二、未来一段时期,外部环境复杂多变,对我既有挑战也有机遇
国际金融危机爆发7年来,世界各国为稳增长、促就业使尽了招数,尽管收到了一定成效,但病根未除。种种情况表明,我国面临的外部环境可以说旧患与新忧叠加,利空与利好同在。需要关注的问题主要有:
(一)总需求不足的矛盾加剧。美欧日等主要发达经济体接连实施量化宽松的货币政策,但对实体经济的刺激作用有限,消费和投资意愿不足。全球贸易一直没有恢复元气,近3年增速均在3%以下,不仅远低于危机前25年5.8%的年均增速,也低于全球经济的增速。2015年前8个月,主要经济体进出口均出现萎缩,美国同比下降4.6%,日本下降15.5%,巴西下降19%,澳大利亚下降17.2%,加拿大下降10.3%,欧盟前7个月下降14.5%。这就决定了我们不能再像过去那样对外需抱有太多的期望。但也并非没有机遇,不少国家通过扩大基础设施投资、吸引外资等方式刺激经济,降低了市场准入门槛,为我国企业走出去开展国际产能合作提供了契机。如欧盟推出“容克计划”等。

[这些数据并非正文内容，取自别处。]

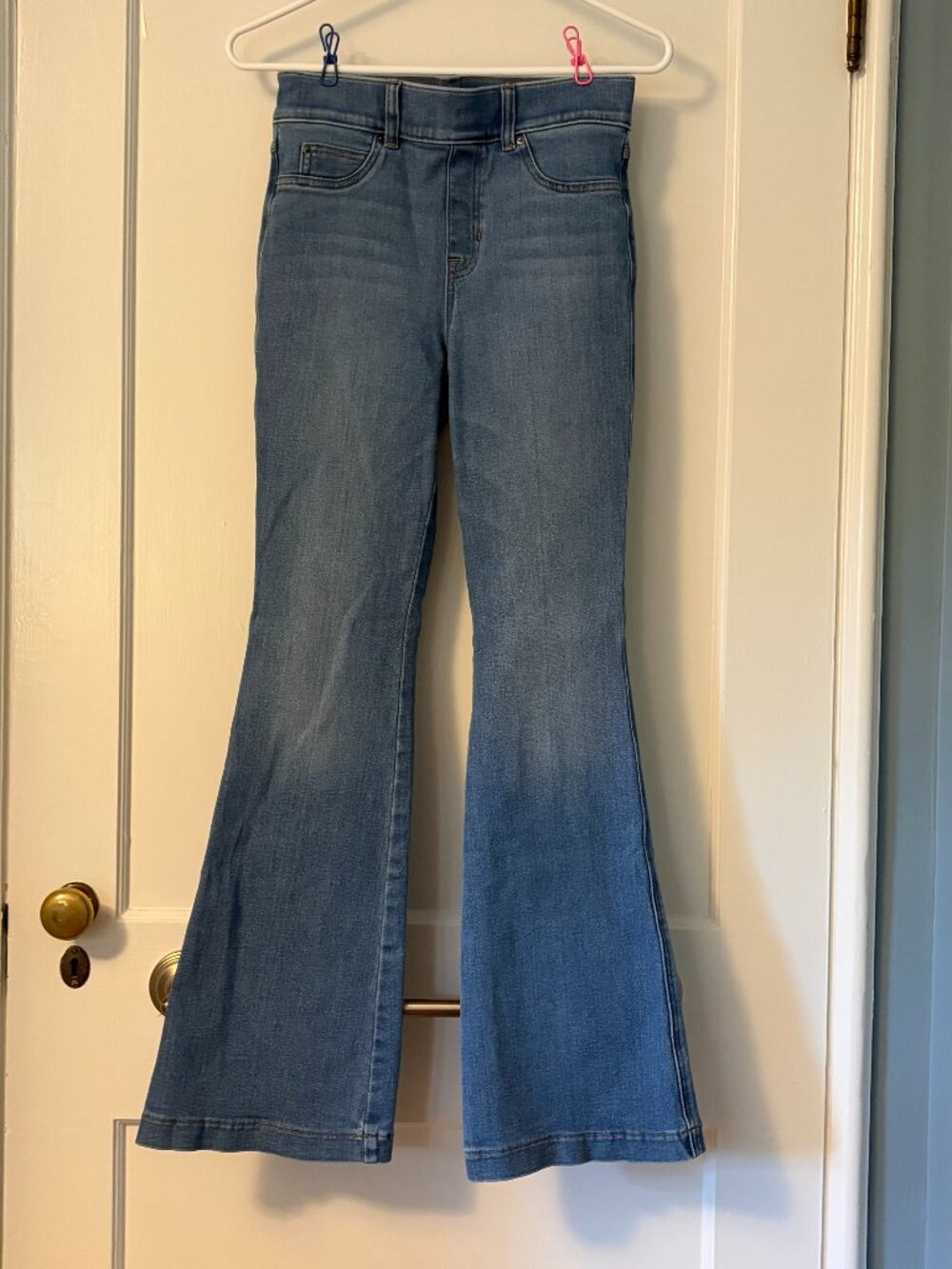 Spanx pull on flare bootcut jeans size small denim classic wardrobe staple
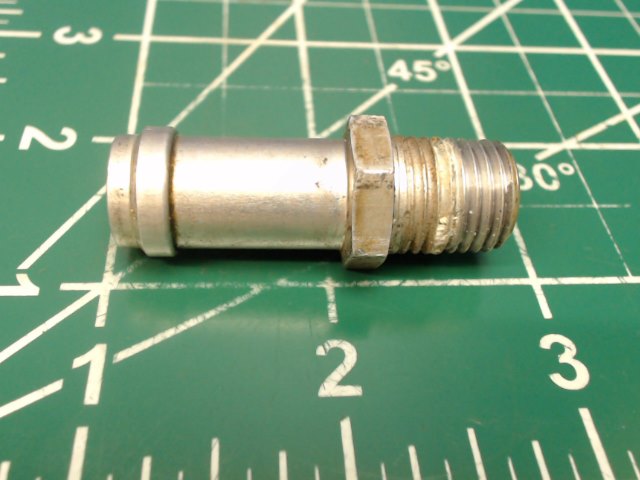 LW-15359 Lycoming O-320-H2AD - Nipple 1/4-18 X 1/2 ID Hose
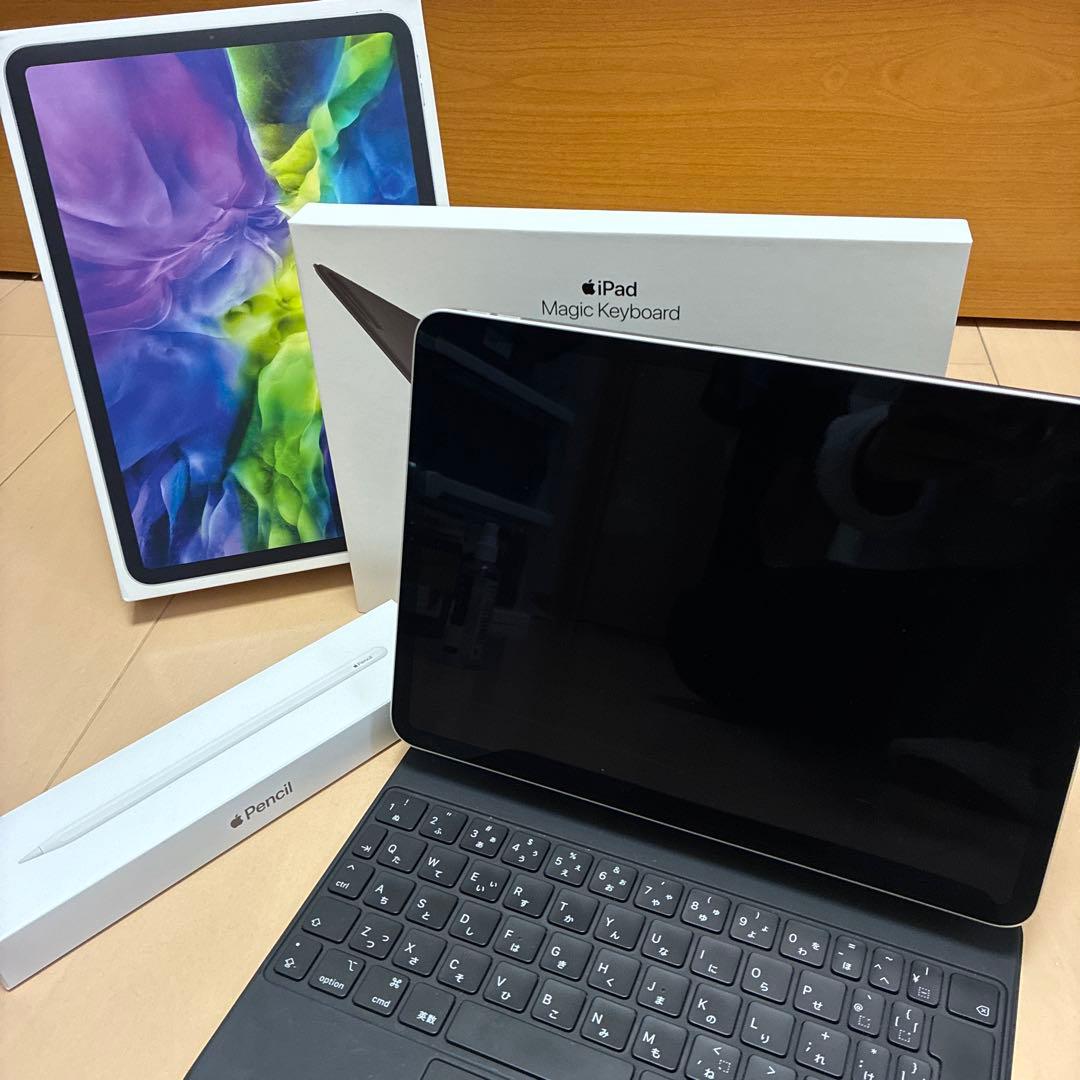 美品iPad Pro 11inch (第2)256 ペンシル マジックキーボード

(二)国际资本流动更加复杂。美联储加息是影响国际资本流动最大的变数。9月17日,美联储宣布维持0%—0.25%的基准利率不变。由于美国非农就业数据不理想、劳动参与率低等因素,最近美联储加息预期有所弱化,但加息是迟早的事。美联储加息将增强美元资产吸引力,导致投资者在全球范围内重新进行资产配置,引发大规模国际资本跨境流动,进而对全球金融市场造成新的扰动。在这种情况下,国际金融市场动荡在所难免,新兴经济体尤其是经济基本面较差的国家更易遭受外部冲击。10月1日,国际金融协会(IIF)发布的报告认为,新兴市场2015年将出现自1988年以来首次资金净流出。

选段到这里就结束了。